Information given.

*** Block opens ***

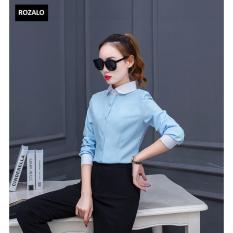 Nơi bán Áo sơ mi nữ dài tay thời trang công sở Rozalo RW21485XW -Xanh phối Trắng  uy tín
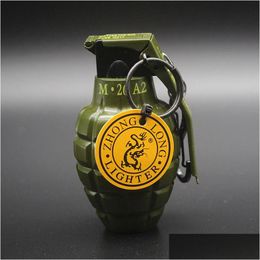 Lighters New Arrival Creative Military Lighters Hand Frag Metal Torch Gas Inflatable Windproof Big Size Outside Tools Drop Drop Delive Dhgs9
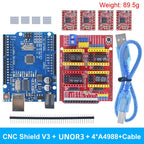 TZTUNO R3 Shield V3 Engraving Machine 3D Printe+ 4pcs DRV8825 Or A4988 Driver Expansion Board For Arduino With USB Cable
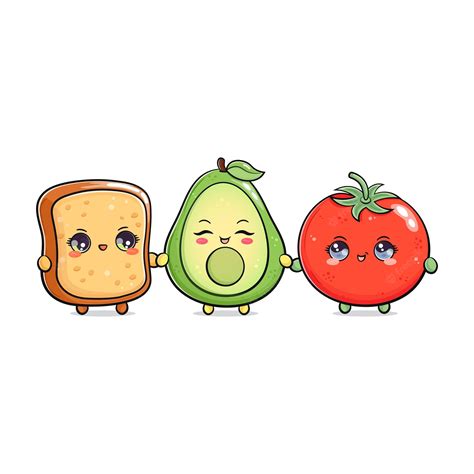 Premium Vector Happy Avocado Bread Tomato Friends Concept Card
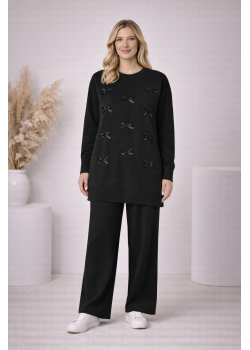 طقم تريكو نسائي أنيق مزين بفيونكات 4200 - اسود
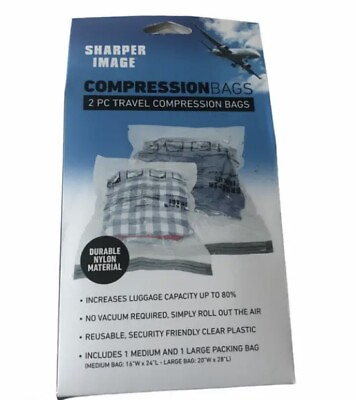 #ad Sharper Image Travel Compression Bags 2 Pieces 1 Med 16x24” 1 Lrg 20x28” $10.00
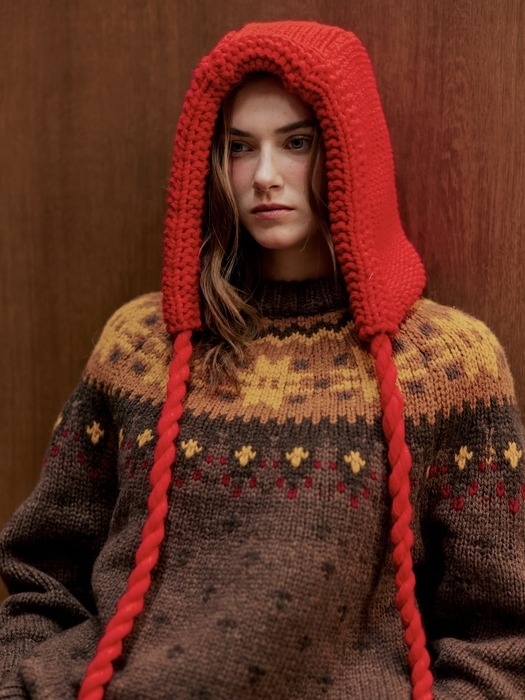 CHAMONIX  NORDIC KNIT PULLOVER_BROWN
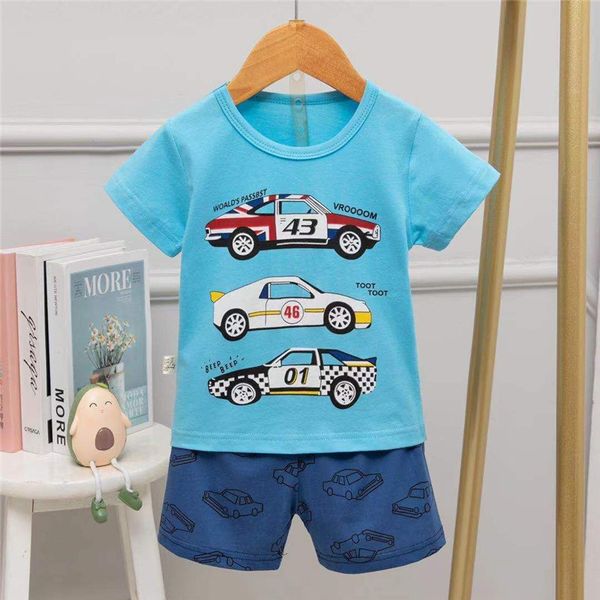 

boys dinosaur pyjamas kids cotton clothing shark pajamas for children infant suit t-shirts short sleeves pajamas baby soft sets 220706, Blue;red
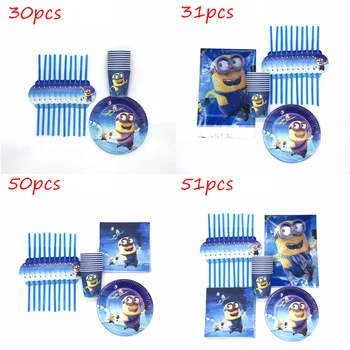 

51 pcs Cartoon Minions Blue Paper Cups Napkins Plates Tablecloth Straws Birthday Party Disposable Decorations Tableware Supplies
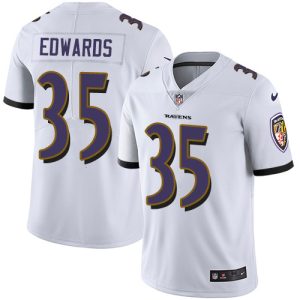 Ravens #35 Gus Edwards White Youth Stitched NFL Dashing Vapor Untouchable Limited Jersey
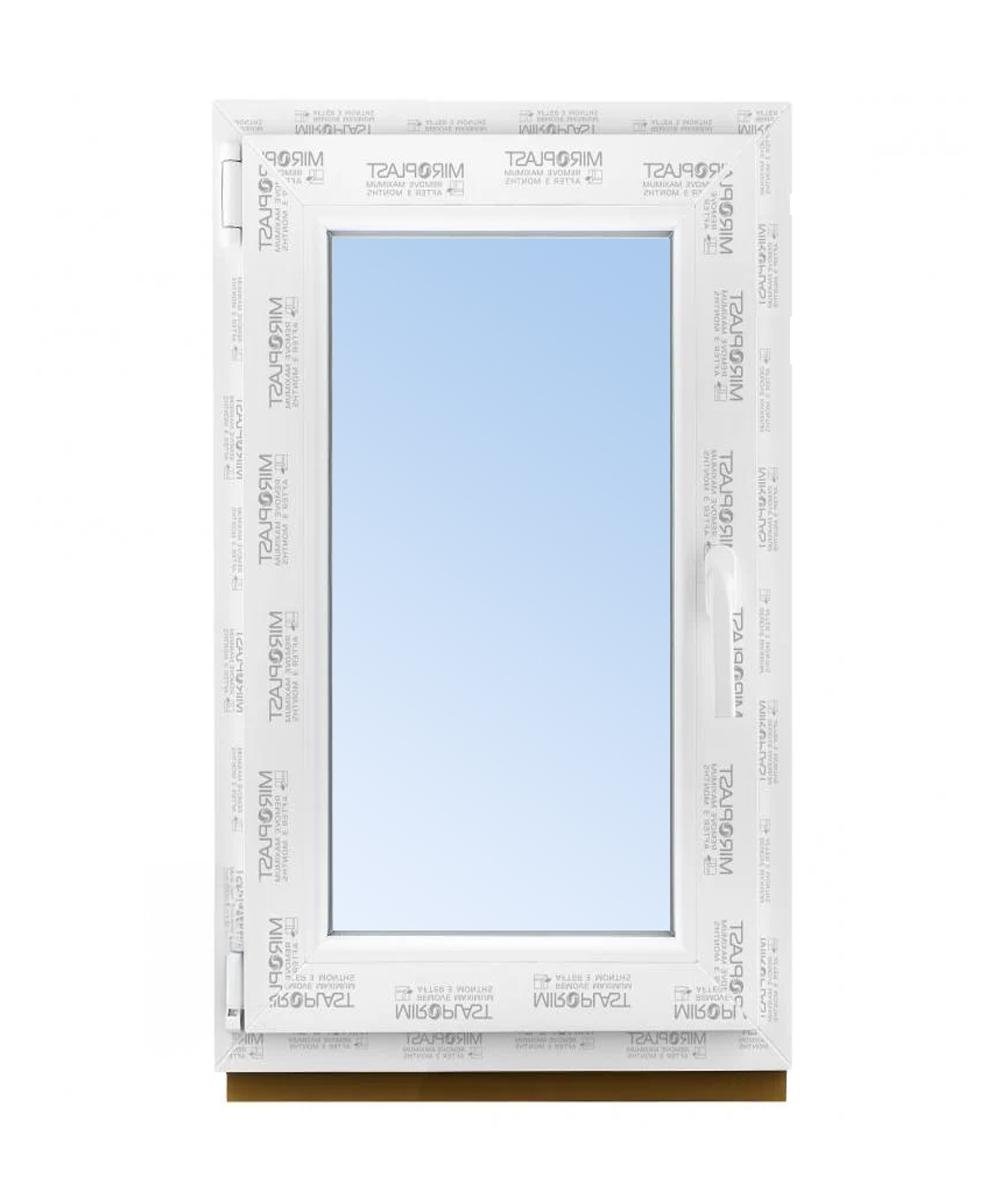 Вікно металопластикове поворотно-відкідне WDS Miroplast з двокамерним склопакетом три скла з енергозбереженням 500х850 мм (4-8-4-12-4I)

*** Block closes ***
*** Block opens ***

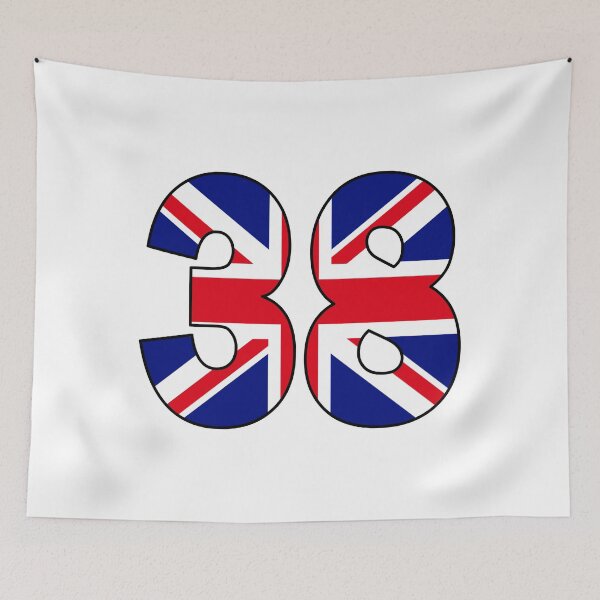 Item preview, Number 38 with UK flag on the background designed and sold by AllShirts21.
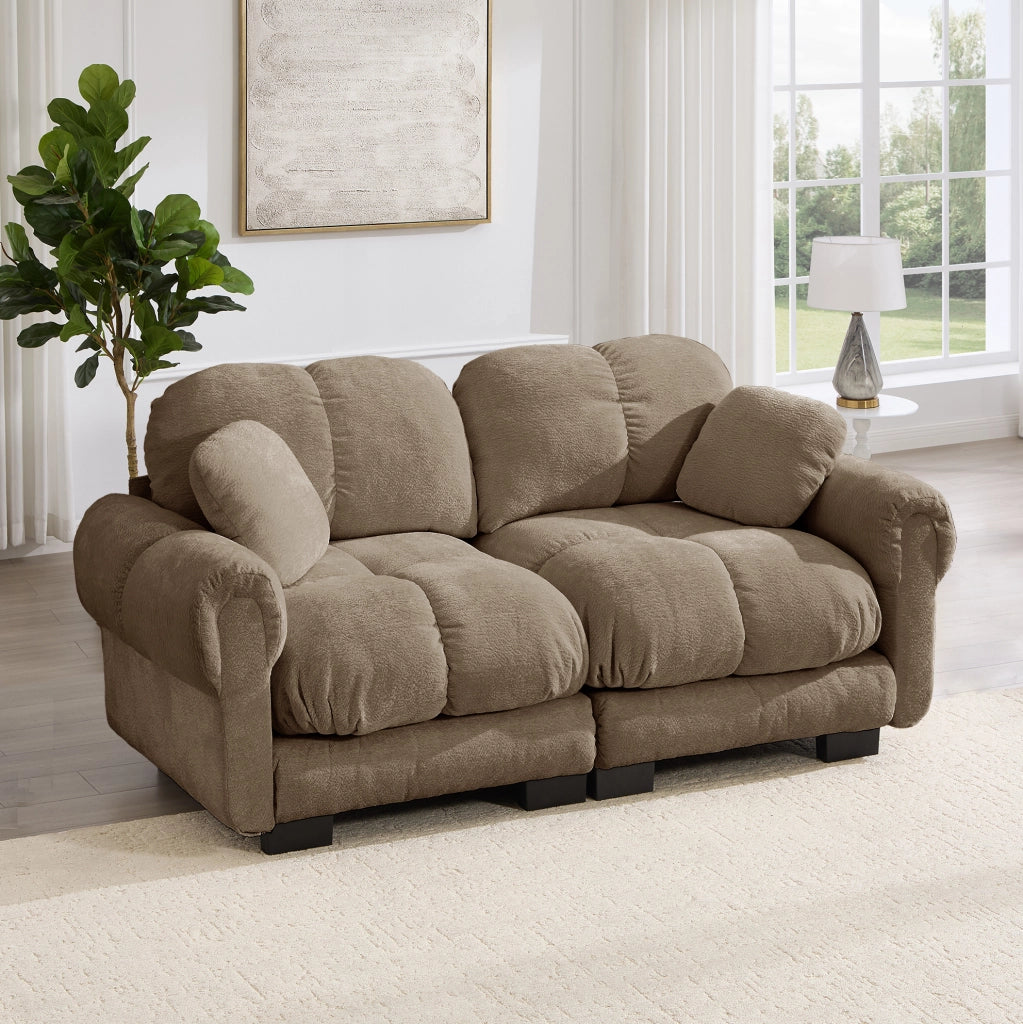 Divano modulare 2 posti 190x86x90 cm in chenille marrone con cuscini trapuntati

*** Block closes ***

What you need to do. Search the entries above for the word "Blue" and copy each line where it appears.

Task solution.
boys dinosaur pyjamas kids cotton clothing shark pajamas for children infant suit t-shirts short sleeves pajamas baby soft sets 220706, Blue;red
51 pcs Cartoon Minions Blue Paper Cups Napkins Plates Tablecloth Straws Birthday Party Disposable Decorations Tableware Supplies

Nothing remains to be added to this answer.